◆ Exercise
Using the data below, output a verbatim copy of the lines between the one holding "Old Wrinkled African" and the one holding "The Yards (2000)", inclusive, without any pictures.

⟨

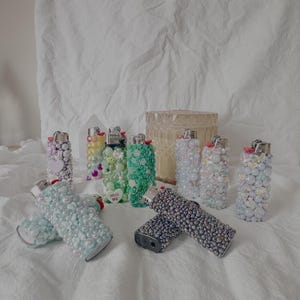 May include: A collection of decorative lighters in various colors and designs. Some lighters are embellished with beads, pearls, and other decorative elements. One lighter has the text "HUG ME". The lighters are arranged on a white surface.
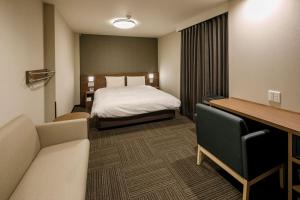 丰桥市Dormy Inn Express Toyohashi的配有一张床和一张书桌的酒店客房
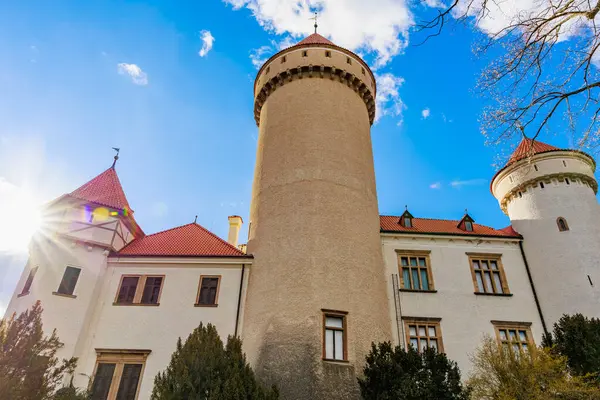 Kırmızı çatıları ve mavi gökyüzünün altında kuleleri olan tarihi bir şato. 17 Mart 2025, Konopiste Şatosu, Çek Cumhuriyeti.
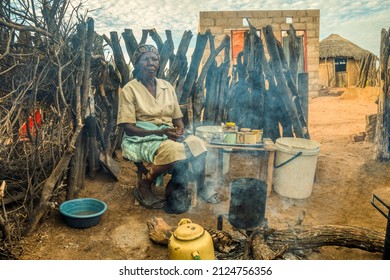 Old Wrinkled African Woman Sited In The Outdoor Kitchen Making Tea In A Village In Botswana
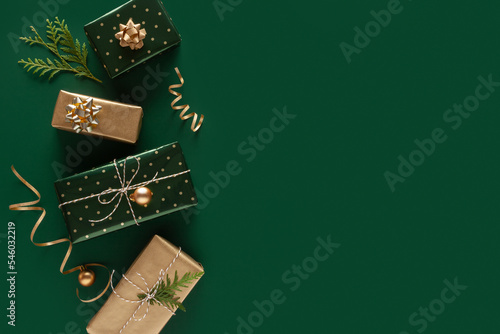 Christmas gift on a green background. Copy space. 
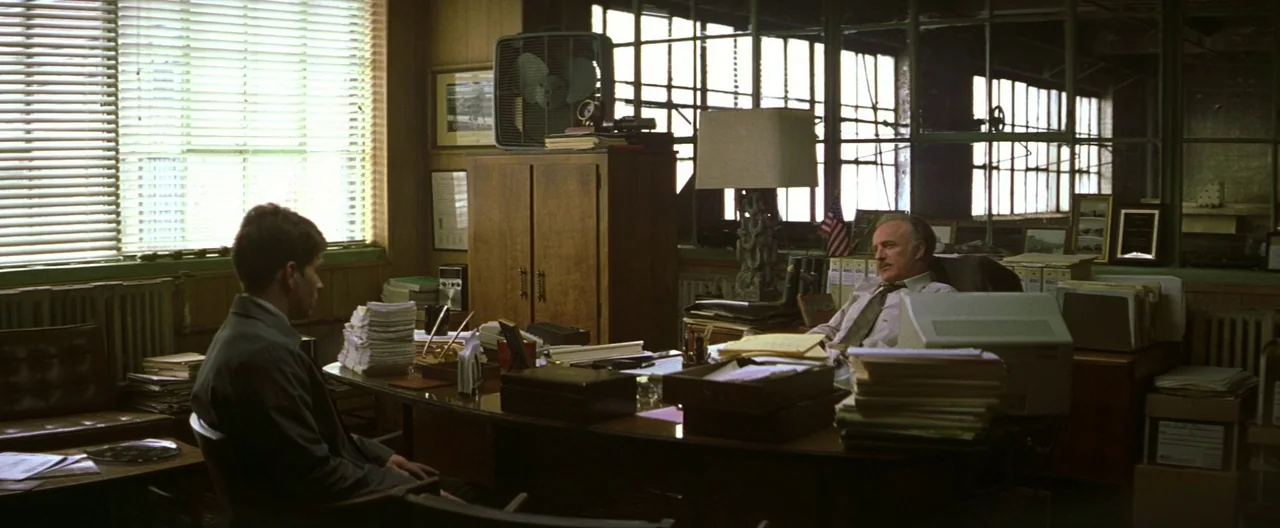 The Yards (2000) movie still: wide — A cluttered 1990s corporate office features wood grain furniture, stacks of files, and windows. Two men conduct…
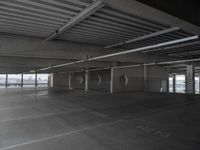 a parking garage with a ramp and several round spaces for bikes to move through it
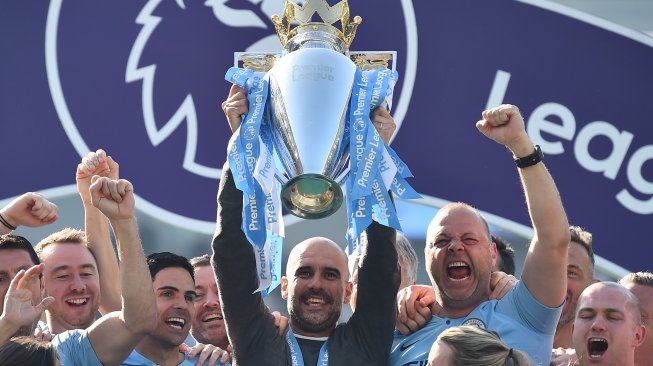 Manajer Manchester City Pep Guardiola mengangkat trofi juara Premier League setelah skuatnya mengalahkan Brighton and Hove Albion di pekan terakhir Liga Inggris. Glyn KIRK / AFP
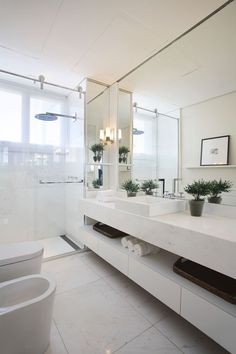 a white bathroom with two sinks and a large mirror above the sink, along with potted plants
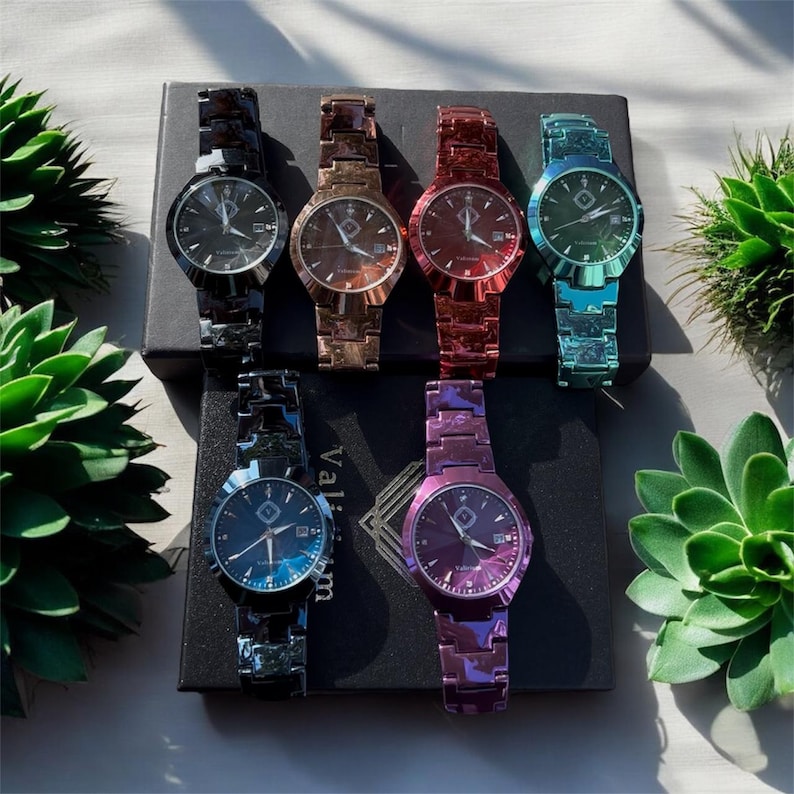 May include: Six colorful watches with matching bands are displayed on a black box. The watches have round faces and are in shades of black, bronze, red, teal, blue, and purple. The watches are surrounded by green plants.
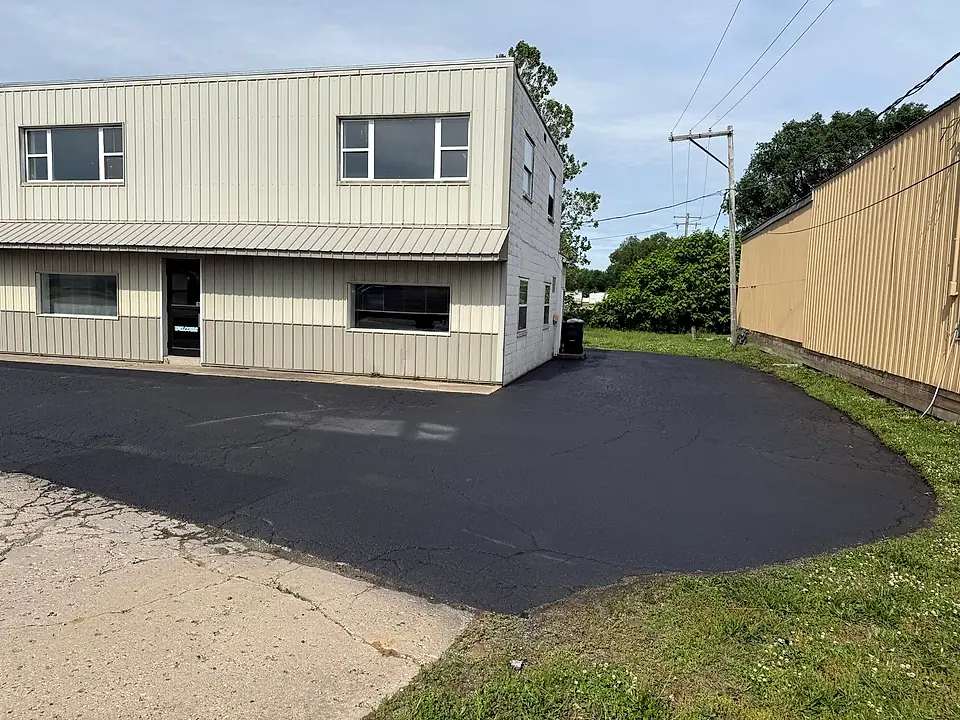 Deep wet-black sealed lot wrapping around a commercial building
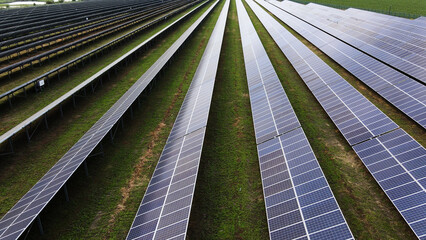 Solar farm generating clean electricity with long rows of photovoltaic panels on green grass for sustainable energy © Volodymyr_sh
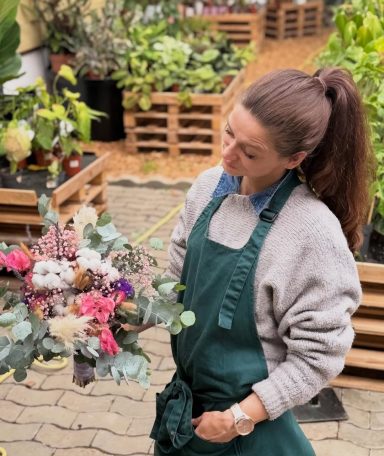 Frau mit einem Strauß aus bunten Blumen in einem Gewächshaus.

⟩

◆ Task response
 Old Wrinkled African Woman Sited In The Outdoor Kitchen Making Tea In A Village In Botswana
 Christmas gift on a green background. Copy space. 
 The Yards (2000) movie still: wide — A cluttered 1990s corporate office features wood grain furniture, stacks of files, and windows. Two men conduct…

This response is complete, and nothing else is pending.